In the letter, Amsterdam’s mayor, Femke Halsema, and several other officials, known collectively as the College of Mayor and Alderpersons, wrote that they agreed with the findings of the committee, which argued for greater empathy in the restitution process.
“The Jewish people were deprived of their possessions, rights, dignity and, in many cases, their lives,” said the letter, according to a translation provided to The New York Times. “Insofar as something can still be restored of the great injustice done to them, we, as a society, have a moral obligation to act accordingly.”

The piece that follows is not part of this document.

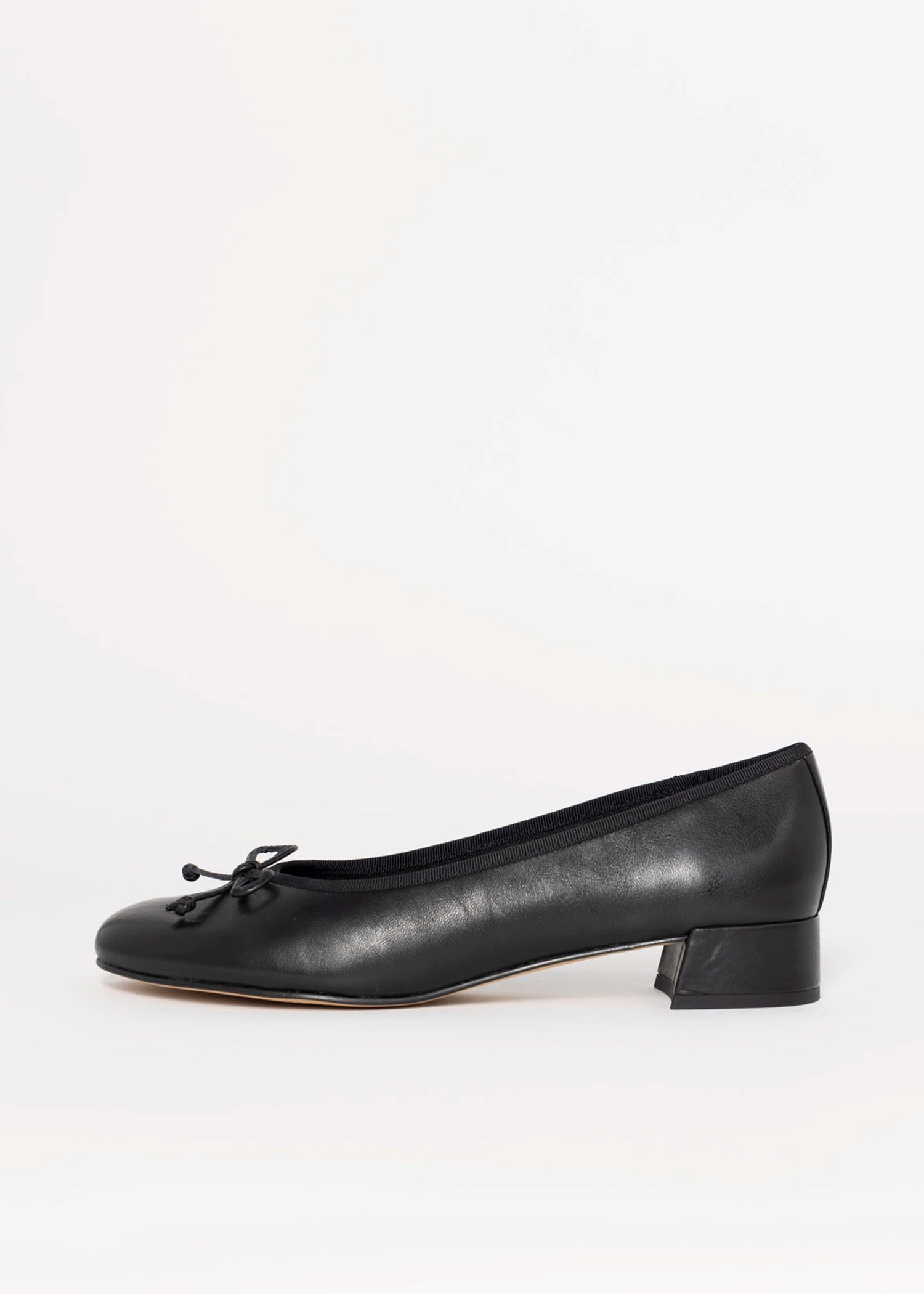 swatch_Black Leather dolce vita ritla mid heel ballet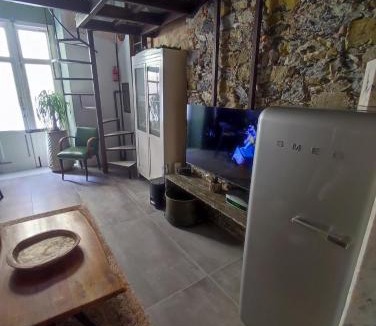Marina di Carrara House | Bilocale stile loft centro storico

The Stedelijk Museum is responsible for the city of Amsterdam’s art collection of about 95,000 works. David Röell, director of the Stedelijk, acquired the painting during an auction in 1940. It had, the restitution panel found, previously belonged to Robert Lewenstein and Irma Klein. But the panel also said that its transfer had to have been caused, to some extent, by “the deteriorating financial circumstances in which Robert Lewenstein and Irma Klein found themselves well before the German invasion.”
In addition, the panel found that while one claimant, an heir to Ms. Klein, “has no special bond with” the painting, the work “has a significant place” in the Stedelijk’s collection.
When the culture minister’s committee faulted the restitution panel’s “balance of interests” approach in its report in December, two members of the restitution commission, including its chairman, resigned.